Не замечая горести в его лице, она продолжает:

– Ночью переполошили всех. Доктора, аптекаря. А главное – и слушать никого не хочет. Все ошибаются, а не она. Постойте, я посмотрю, может быть, она заснула? Двое суток не спала.

– И не позвала меня? Не вспомнила?

– Она спит, – шепчет фрау Кеслер, возвращаясь на цыпочках. – Да, конечно, я не буду ее будить. Ведь вы зайдете вечером? До свидания.

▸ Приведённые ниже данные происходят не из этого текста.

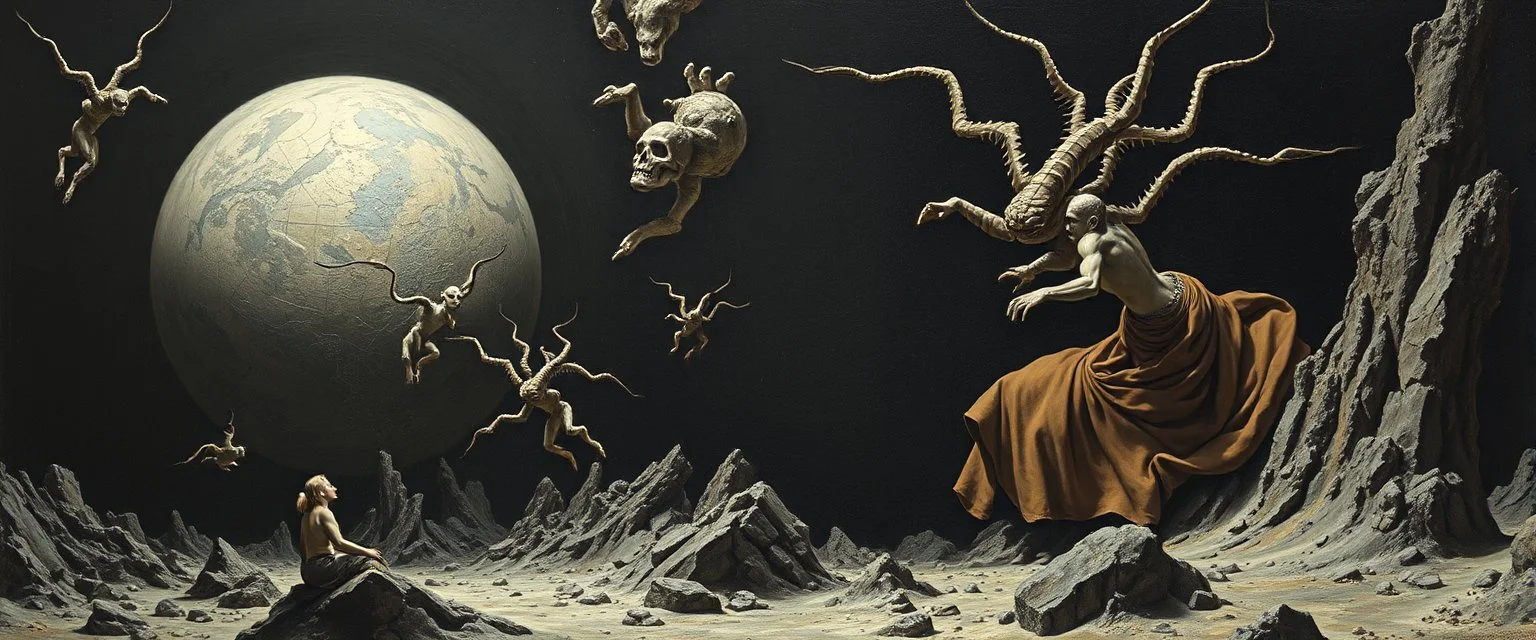 the world is a harsh place but if you behave you can do well, in the style of Nerdrum and Rembrandt, Escher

«И это хорошо… пока, – думает Штейнбах – Эта новая боль отвлекла ее. Ослабила удар… Это жизнь… Могучая жизнь».

Поезд мчит их в Париж.

Маня прислонилась виском к спинке дивана и дремлет. Она очень устала за эти дни.

Пока фрау Кеслер укладывалась, Маня и Штейнбах ездили по редакциям юмористических журналов. В некоторых у Штейнбаха были знакомства раньше. В других их приняли любезно, благодаря карточке фрау Кеслер, которая сохранила связи с художниками, товарищами ее покойного мужа. В третьи Штейнбах принес рекомендации от лично знакомых ему издателей. Какой калейдоскоп лиц прошел перед ними! Под обаянием внешней культуры сколько холода и безразличия! Сколько скрытой тревоги в глазах сотрудников, у которых Маня могла отбить хлеб! Все это утомило ее. Борьба за жизнь показалась унизительной и отталкивающей. Если б не Нина…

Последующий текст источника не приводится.